Sunday, September 29, 2013

Skills in Wizards' Realm

For those illiterate in Mystic Swamp Elvish, the tall one is Sir Tarl
Eaglemoor and the other guy is Robin Winterthorn. No, seriously.

The first page of the Wizards' Realm rulebook has a list of contents.  It's not a Table of Contents because that would require page references.  I suppose it's just as well since the errata tells us that “Pages 15 and 50 were juxtaposed in printing.”  (At least the rulebook has an index.)  About half of the skill descriptions are on what should have been page 15.  In effect, the skill listings start on page 14, jump to page 50, and conclude on page 16.  Skills are a fundamental part of a Wizards' Realm character; they encompass such things as spells and ability to use different weapon types.

I agree completely that player characters should start out weak – but not too weak – then grow in power with experience.  However, in Wizards' Realm, beginning characters are weak (perhaps too weak), but amass power at a fast rate (perhaps too fast).  We will see an example of this in next week's post.

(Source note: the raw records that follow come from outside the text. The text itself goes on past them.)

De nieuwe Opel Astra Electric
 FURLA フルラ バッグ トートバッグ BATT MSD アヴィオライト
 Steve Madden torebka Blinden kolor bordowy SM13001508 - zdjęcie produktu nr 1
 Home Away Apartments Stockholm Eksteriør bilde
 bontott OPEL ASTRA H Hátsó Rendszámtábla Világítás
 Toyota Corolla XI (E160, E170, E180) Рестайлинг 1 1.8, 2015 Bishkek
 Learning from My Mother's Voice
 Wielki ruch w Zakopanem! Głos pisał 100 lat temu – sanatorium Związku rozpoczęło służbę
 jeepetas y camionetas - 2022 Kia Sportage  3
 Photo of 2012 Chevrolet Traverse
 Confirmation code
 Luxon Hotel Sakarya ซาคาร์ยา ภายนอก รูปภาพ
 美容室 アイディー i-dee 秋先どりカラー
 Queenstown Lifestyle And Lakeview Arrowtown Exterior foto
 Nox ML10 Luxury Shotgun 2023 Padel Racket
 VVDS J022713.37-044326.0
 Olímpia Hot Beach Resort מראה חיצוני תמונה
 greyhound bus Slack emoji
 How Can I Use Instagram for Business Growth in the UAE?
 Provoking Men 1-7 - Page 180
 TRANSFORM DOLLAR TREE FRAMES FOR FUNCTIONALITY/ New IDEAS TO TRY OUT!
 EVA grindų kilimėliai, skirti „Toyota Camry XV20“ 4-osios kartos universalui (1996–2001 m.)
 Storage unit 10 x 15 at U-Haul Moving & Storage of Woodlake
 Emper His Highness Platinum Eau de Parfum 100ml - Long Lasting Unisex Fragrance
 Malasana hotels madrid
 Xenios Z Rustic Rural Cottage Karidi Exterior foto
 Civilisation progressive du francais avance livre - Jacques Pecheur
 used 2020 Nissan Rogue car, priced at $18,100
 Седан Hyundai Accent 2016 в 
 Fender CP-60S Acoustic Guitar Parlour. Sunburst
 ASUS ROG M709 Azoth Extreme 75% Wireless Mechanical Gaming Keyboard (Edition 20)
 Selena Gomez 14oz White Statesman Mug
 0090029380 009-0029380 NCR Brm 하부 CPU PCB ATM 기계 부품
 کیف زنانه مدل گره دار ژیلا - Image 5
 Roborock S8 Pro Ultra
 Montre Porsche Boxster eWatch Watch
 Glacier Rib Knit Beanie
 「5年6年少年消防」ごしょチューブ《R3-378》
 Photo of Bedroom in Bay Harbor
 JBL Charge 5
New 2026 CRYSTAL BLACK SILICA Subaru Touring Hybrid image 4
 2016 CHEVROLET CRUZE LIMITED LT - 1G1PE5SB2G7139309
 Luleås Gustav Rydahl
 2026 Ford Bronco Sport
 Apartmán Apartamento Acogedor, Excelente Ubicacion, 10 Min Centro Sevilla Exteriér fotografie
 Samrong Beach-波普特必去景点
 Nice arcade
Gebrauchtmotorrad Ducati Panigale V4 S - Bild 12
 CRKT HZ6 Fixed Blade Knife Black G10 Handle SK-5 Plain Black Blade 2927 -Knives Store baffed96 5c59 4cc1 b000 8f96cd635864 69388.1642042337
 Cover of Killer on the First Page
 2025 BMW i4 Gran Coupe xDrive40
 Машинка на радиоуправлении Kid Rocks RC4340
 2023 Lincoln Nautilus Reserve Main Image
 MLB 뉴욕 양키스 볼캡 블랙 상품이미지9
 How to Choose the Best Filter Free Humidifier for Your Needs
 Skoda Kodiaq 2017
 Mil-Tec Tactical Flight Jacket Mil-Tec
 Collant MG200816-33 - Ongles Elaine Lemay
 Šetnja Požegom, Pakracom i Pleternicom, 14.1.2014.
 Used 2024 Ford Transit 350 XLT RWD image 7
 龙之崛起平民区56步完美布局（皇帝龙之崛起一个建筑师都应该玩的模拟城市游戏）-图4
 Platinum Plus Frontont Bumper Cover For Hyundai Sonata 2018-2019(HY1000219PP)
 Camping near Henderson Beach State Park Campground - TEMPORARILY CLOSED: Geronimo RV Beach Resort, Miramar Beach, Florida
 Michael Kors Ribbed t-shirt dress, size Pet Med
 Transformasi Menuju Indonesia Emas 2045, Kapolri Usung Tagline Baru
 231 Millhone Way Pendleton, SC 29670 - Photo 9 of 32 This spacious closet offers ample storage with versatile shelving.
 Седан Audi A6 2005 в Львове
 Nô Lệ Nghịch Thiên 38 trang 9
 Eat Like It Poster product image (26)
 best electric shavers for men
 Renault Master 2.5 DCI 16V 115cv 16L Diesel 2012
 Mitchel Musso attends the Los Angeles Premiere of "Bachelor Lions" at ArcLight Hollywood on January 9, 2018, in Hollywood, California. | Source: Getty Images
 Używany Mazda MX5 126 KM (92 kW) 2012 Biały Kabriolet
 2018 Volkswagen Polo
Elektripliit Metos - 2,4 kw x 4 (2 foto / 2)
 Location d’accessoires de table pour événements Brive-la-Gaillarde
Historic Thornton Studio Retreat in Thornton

Wizards' Realm is a level-based system, except “levels” are called “degrees.”  (Some instances of “level” still remain in the text.)  Player Characters start the game with 3 'Skill Credits' and gain more with experience.  At lower degrees, PCs receive 4 Skill Credits per degree.  Starting at sixth degree and continuing through eleventh, they get 6 Skill Credits per degree; from twelfth through twentieth, eight Skill Credits.  There are no degrees after twentieth; however, characters at twentieth level can obtain an additional Skill Credit for every thousand Experience Points earned.  Aside from gaining Skill Credits, advancing from one degree to another does not provide any intrinsic advantage to a character.  (One exception being spellcasting effectiveness – see below).  Abilities improve only to the extent Skill Credits are applied.

Skill Credits can be applied in various ways.  One Skill Credit per degree can be used to increase the value of an Attribute (up to a maximum value of 25).  So that means it takes same amount of effort (i.e., one Skill Credit) to change an Attribute value from three to four or from twenty-three to twenty-four – a linear progression.

Spellcasters can use a Skill Credit to gain a spell.  The percentage chance of effectiveness of a given spell is based upon the level of the spellcaster and the complexity of the spell.  Additional Skill Credits spent on the same spell apply a 10% bonus to the effectiveness (to a maximum of 99%).  At certain degrees, spellcasters automatically improve their effectiveness with all spells.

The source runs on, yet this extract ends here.